A benchmark suite supplies real run data from large language model systems to support hyperparameter optimization research.

A machine-rendered reading of the paper's core claim, the machinery that carries it, and where it could break.

Current hyperparameter optimization benchmarks miss the compound configuration spaces that mix AI model settings with system-level choices in LLM deployments, along with nonlinear effects from fidelity choices and uneven measurement costs. The paper introduces LLMSYS-HPOBench as the first live collection of profiled data drawn directly from running LLM systems. It includes 364450 hyperparameter configurations in 12-23 dimensions, 932 fidelity settings from 3-5 factors, multiple inference metrics, and cost metrics, plus associated logs.
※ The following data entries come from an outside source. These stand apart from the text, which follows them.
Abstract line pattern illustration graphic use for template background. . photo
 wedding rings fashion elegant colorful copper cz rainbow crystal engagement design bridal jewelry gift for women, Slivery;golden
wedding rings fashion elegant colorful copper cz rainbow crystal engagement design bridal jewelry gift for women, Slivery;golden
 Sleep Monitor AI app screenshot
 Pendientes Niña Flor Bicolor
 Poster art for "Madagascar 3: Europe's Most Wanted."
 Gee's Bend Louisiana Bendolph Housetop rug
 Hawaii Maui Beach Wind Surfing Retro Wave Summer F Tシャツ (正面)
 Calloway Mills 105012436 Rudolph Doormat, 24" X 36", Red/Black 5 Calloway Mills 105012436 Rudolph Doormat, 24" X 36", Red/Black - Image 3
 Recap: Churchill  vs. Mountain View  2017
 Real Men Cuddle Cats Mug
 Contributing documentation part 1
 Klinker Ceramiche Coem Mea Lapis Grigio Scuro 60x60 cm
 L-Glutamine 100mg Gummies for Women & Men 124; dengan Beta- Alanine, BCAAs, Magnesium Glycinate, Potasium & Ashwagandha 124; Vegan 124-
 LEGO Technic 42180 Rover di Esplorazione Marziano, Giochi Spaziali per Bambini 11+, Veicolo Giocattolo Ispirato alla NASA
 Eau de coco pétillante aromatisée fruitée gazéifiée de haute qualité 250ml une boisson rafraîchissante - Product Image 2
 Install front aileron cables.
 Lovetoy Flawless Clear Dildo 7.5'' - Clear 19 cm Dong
The release aims to let existing HPO methods be tested on frontier LLM workloads and to open new research avenues in AutoML that address these system realities.

Core claim

No existing benchmark captures the full mix of AI and non-AI hyperparameters, fidelity implications, and cost diversity that appear when optimizing real LLM systems; LLMSYS-HPOBench addresses this by releasing datasets of inference objective values obtained from actual system runs, currently containing 364450 configurations with 12-23 dimensions, 3-5 fidelity dimensions that produce 932 settings, 3-9 objective metrics, 2-10 cost metrics, and the generated measurement logs.

What carries the argument

LLMSYS-HPOBench, the suite that aggregates profiled inference objective values and cost data from hyperparameter configurations executed on live LLM systems.

If this is right

  • Existing HPO algorithms can now be revalidated directly against data from frontier LLM systems rather than synthetic or simplified proxies.
  • AutoML methods can be developed that explicitly handle mixed AI and system hyperparameters together with fidelity and cost trade-offs.
  • The live nature of the suite permits ongoing addition of new LLM systems and workloads as the field evolves.
  • Improved HPO on these benchmarks could translate into lower inference latency or resource use in deployed LLM applications.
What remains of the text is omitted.